COLUMBUS, Ga. – When deciding to relocate to Georgia in 2005, a primary item in my family’s “pro” column was the state’s HOPE (Helping Outstanding Pupils Educationally) Scholarship program.
With the governorship, a Senate seat, and all 236 seats in the Georgia legislature on the ballot this November, the fate of HOPE is a hot campaign issue. It may also be one of the more difficult to address, both politically and fiscally.
It was an issue that Republican gubernatorial candidate Nathan Deal was willing to discuss with me after an appearance at a recent candidate forum.
“I certainly hope we can keep HOPE alive,” Deal said, immediately indicating he was not trying to make light of an issue he recognizes as important to many Georgia families.
“These scholarship funds allow many students who could not otherwise afford a college education the ability to get one,” he said.
The program is one of the most popular government initiatives in the state, currently providing assistance solely based on academic merit.
HOPE offers scholarships to Georgia residents with at least a 3.0 grade point average and no drug-related felony convictions. The non-repayable scholarship is provided through funding by the state-run lottery and covers 100% of tuition costs at state colleges and universities, as well as an allotment for books and certain fees. Limited awards are also made to students attending in-state private institutions.
Initially, the program only served households with annual incomes of less than $66,000 per year. It was subsequently expanded to annual incomes of less than $100,000; and, eventually, income limitations were removed entirely.
Deal does not support reinstating the income cap as some lawmakers have suggested.
“HOPE was always intended to be merit based,” he said. “If we place a cap on a family’s income in order to qualify, we risk losing some of our most brilliant students.”
Deal ties the continuation of scholarship awards to students of merit as a significant element in enticing new business to the state.
“(HOPE) keeps those brilliant students in our state. Surveys suggest that the majority of students ultimately settle within 50 miles of where they attend college. We need these trained graduates to remain in the Georgia workforce if we are going to attract businesses here.”
That may be true, but the underfunded program has to be reined in somewhere. In 2004, lawmakers made a perfunctory attempt to address the program’s financial problems with minor changes to HOPE qualifications. Book allowances for the 2010-2011 year have been cut from the previous $300 per semester to $150. It has not been enough to stem the hemorrhaging.

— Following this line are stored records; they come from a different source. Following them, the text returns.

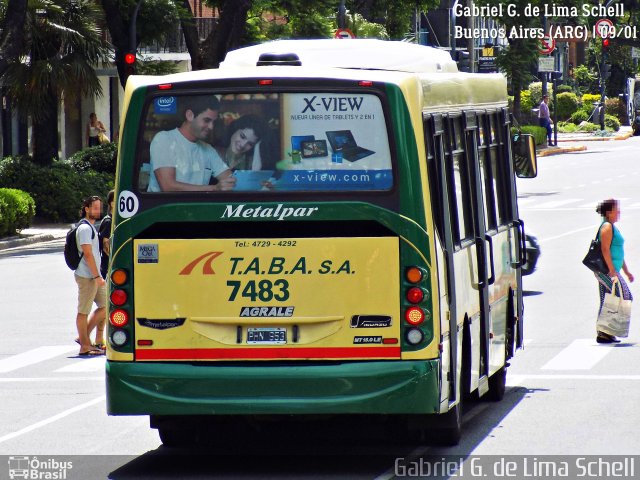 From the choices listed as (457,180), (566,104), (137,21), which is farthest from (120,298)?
(566,104)

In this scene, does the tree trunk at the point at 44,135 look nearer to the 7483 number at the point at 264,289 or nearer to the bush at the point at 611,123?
the 7483 number at the point at 264,289

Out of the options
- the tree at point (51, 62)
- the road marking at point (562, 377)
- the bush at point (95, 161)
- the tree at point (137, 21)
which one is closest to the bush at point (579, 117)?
the tree at point (137, 21)

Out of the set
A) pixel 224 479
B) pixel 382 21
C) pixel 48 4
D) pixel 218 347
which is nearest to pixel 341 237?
pixel 218 347

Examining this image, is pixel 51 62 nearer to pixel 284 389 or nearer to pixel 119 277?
pixel 119 277

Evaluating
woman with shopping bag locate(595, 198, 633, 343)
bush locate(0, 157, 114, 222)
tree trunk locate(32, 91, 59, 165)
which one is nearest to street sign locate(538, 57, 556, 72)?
tree trunk locate(32, 91, 59, 165)

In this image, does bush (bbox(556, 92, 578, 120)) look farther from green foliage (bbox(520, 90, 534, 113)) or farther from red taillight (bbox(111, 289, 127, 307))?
red taillight (bbox(111, 289, 127, 307))

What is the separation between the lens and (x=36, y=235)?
1268 inches

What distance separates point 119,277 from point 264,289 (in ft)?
3.11

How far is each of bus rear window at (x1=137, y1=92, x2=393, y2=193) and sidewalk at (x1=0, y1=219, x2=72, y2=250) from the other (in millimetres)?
21514

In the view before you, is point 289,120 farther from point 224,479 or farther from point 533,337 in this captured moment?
point 533,337

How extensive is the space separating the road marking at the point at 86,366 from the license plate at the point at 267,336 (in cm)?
614

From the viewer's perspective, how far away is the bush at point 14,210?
31.2 metres

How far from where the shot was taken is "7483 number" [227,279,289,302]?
9.49 m

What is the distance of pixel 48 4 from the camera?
35.6 meters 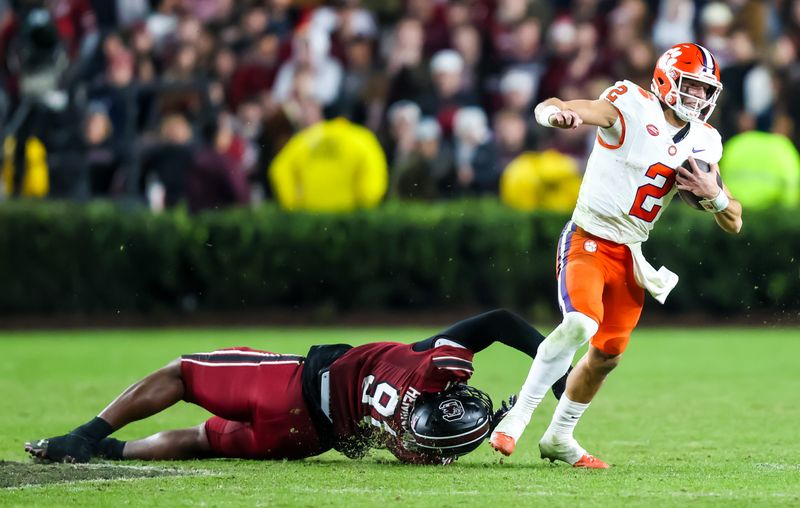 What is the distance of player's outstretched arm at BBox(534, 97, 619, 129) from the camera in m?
7.55

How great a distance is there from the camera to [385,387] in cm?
780

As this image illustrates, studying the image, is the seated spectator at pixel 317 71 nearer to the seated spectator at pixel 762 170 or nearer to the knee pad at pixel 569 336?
the seated spectator at pixel 762 170

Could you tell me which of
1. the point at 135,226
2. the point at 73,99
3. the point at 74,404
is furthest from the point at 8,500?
the point at 73,99

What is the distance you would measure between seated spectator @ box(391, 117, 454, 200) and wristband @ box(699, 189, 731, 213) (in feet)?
31.4

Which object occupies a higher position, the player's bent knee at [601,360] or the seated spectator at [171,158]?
the seated spectator at [171,158]

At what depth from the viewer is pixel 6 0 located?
22.4 metres

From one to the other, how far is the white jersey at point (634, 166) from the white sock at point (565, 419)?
0.97 meters

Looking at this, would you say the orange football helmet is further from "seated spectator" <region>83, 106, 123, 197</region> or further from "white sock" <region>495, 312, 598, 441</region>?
"seated spectator" <region>83, 106, 123, 197</region>

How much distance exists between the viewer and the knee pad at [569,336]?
7.68 metres

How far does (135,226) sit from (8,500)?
10952mm

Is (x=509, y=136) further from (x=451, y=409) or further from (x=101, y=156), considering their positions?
(x=451, y=409)

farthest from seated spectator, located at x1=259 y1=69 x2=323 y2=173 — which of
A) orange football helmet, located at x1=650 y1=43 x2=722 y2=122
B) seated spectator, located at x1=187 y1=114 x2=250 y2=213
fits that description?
orange football helmet, located at x1=650 y1=43 x2=722 y2=122

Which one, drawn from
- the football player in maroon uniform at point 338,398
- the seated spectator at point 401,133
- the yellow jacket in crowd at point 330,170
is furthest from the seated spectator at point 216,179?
the football player in maroon uniform at point 338,398

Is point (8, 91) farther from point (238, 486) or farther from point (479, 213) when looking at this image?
point (238, 486) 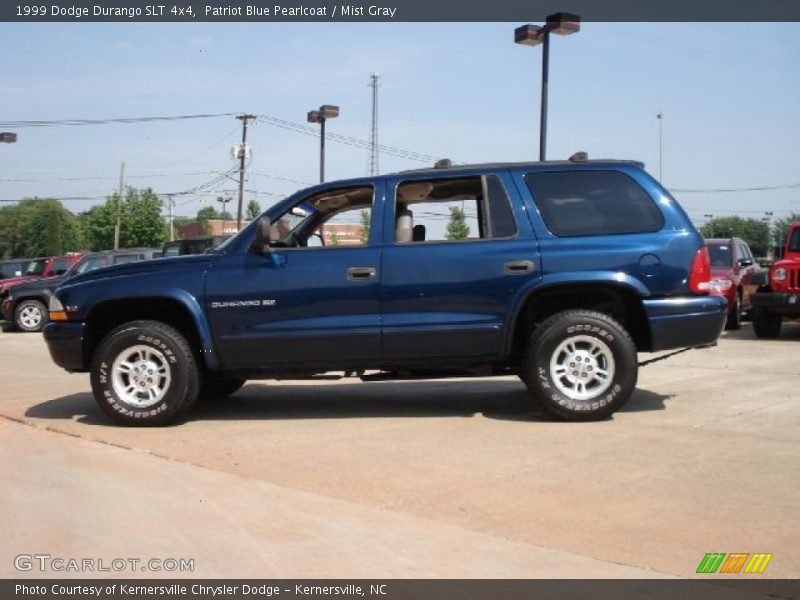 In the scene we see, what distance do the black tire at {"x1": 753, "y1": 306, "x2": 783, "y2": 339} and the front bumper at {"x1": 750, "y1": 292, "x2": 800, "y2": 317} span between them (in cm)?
24

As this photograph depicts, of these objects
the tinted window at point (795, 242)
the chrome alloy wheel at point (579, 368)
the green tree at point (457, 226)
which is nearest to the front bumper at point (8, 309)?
the green tree at point (457, 226)

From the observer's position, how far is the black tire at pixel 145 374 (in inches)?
277

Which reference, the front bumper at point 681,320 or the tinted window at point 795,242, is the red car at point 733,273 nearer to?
the tinted window at point 795,242

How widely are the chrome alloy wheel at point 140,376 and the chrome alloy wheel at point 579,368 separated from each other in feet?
10.1

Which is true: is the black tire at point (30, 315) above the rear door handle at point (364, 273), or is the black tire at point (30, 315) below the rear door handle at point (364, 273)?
below

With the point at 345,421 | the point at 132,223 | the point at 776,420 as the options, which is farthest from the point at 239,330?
the point at 132,223

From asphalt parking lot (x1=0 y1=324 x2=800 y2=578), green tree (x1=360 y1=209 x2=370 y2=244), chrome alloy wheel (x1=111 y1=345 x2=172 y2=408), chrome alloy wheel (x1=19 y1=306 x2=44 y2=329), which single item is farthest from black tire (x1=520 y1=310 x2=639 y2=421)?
chrome alloy wheel (x1=19 y1=306 x2=44 y2=329)

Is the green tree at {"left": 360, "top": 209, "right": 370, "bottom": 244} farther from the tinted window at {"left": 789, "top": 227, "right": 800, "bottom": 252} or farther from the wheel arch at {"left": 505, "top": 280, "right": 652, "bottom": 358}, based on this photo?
the tinted window at {"left": 789, "top": 227, "right": 800, "bottom": 252}

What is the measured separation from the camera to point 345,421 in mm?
7164

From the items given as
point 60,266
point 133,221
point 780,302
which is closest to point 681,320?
point 780,302

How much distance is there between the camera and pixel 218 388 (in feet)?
27.5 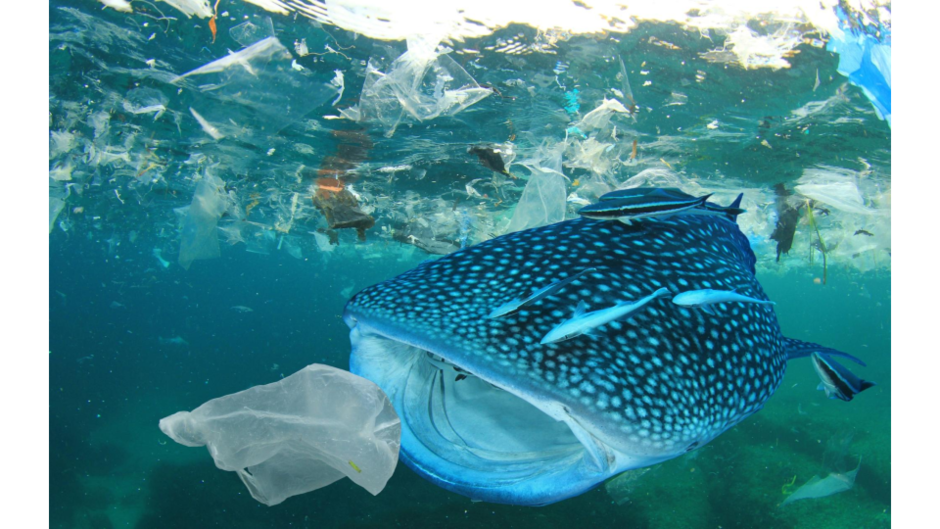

“We have to raise revenue,” said Deal. But that may be easier said than done.
Georgia’s lottery has reported a year-over-year increase in revenue for the past 12 years. Still, it has not been able to outrun the steeply rising costs of the HOPE Scholarship and state Pre-K programs it is responsible for funding. The Georgia Board of Regents’ increase in state tuition this year, substantially more than in previous years, requires an additional outlay of several hundred dollars per each HOPE recipient. The Georgia Student Finance Commission, the entity that oversees administration of the program, reports more than 100,000 students have qualified for the 2010-2011 year.
One element of the program that warrants consideration is how merit is determined. High school seniors must earn a 3.0 grade point average, computed on all core course work, in order to be granted HOPE. Not all classes qualify for the calculation. No such restriction applies for college-level courses, allowing students to balance their schedules with core and superfluous classes in order to achieve a qualifying GPA.
Deal indicated that he would support a review of GPA calculations as one measure to ensure that HOPE continued to be distributed based on true merit and not a manipulation of the system.
Regardless of November’s outcome, Georgia’s new governor and its legislature are going to face some hard choices if they are going to keep HOPE in place. Otherwise, Georgia families, including my own, may not be able to continue to depend on HOPE to fully fund our children’s tuition costs, a travesty that could cost us all dearly in the end.